Though the proliferation of big boxes forced other local independent bookstores to close, Antigone was, paradoxically, able to grow in strength in terms of inventory and the quality of its staff, as booksellers from other stores gravitated towards the town’s remaining indie. It was then that Antigone transformed from a feminist store to a more general bookstore with an all-inclusive inventory.

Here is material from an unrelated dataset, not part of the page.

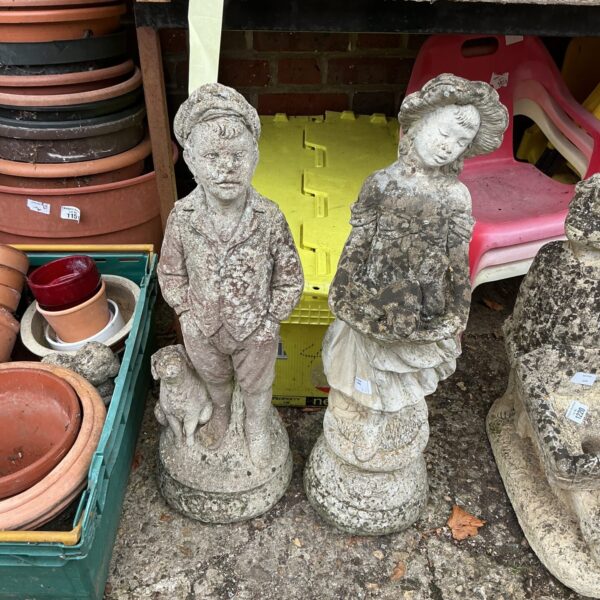 Pair of stone effect garden ornaments in an outdoor setting.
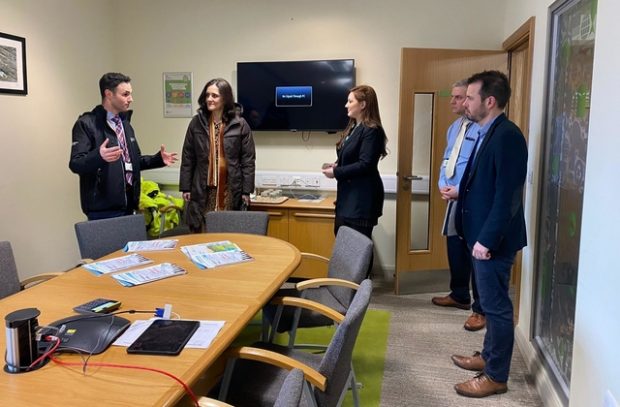 Environment Secretary Theresa Villiers in a room with four Environment Agency staff members standing in front of a table with paper documents on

The surrounding community is a vital element in the bookstore’s continued success, said Mills, who noted that customers have helped push it into new areas. The city is home to an extensive Buddhist community, and as a result –– despite the owners knowing little about Buddhist culture –– Antigone has developed a strong section on Buddhism and hosts a Buddhist book group. “That was totally built from the community,” said Mills. “That’s what’s so great about being an independent store. You can just look around, and your neighbors will tell you what they want.”
In 1995, after years of renting, Mills and Randall decided to purchase their own property. In a stroke of luck, the Salvation Army was selling a 4,500 square-foot space in the middle of Tucson’s shopping district. Many other retailers had expressed interest in the property, and several were turned down, but Mills and Randall were able to buy the property where Antigone still stands today. “We must have called them on the right day,” said Mills.
The new location, which is five times bigger than Antigone’s previous space, allowed the store to expand to include a variety of sections, as well as a much bigger children’s section. “We didn’t think we’d be able to fill the space, but we did,” said Mills.
Importantly, though Antigone has had its share of good fortune over the years, “we work really hard, too,” said Mills. “I guess it can’t all just be luck.”